Continuous deployment

2011/04/26

I’ve come across a couple of interesting articles about continuous deployment – see Continous deployment and Continuous Deployment at IMVU: Doing the impossible fifty times a day.

This development team, working on a public website, have achieved 100% automation* of their deployment process.

*Interestingly the author makes the point that they have not been able to achieve a similar level of automation for database development.

They have taken the concept of continuous integration to the ‘extreme’. Every code change, once committed, is automatically released to the production environment – via a large and extensive set of automated testing.

As previously mentioned in Agile database development 101 this level of automation, including database development, is one teams should strive for – always being ready to deploy to production if so required.

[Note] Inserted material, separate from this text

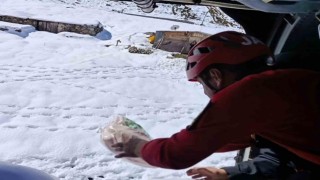 Rizede helikopterlerin yaylalara erzak ve hayvan yemi seferleri devam ediyor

But, I tend to agree with the comments made by Erik Brandstadmoen, I don’t think this approach – continually and automatically releasing to production – would be appropriate for many internal corporate systems. Fully automate deployment up to a pre-production environment and to where users can always see the latest changes – but stop at this point before going to live.

As well as the technical changes required for a new release to a system, there are often a number of other change management tasks – eg training, user information – that for practical reasons mean changes need to be ‘batched up’.

But, kudos must go to this team for achieving such a level of automation and the test suite they have developed.


Managing SQL scripts and continuous integration

2011/04/13

If you look at developer forums, such as StackOverFlow, questions around managing SQL scripts and database changes are posted quite frequently.

As discussed in a previous blog – Agile database development 101 – many development teams have real issues in this area. For example:

  • database deployments are still manual, error prone and difficult to troubleshoot.
  • managing schema versions in different environments is problematic.
  • database changes are not often included as part of an overall continuous integration (CI) process.

This blog is the first in a series that will look at techniques to manage SQL scripts that can be used to help overcome these issues.

It will give an overview of the process. Later blogs will provide more detail, sample code/scripts where appropriate and look at ways to handle some of the more challenging aspects of SQL script management – such as changes required for different environments.

Overview of approach
1. At the start of each new deployment/sprint* a baseline schema is established using a copy of the production database schema – with appropriate data changes/deletions for security and performance reasons. The db bak file(s) created can be copied/restored to dev/testing environments.

* For a new project this will be a blank database with any default SQL objects installed.

2. The baseline schema has a known database version and schema checksum – making it easier to ensure consistency throughout environments.

3. All developers use their own sandboxed development environment.

4. All scripts are held in a central directory – named ‘WorkingDirectory’. This is part of the overall project/solution.

5. Another directory ‘CreateScripts’ contains a number of child directories – one for each SQL object type (see the image below):

CreateScripts with child SQL object type directories

An archive of all scripts – including the last deployed change for each SQL object – is maintained here.

6. All change scripts are checked into source control eg Subversion.

7. All changes are implemented in ‘atomic’ individual script files.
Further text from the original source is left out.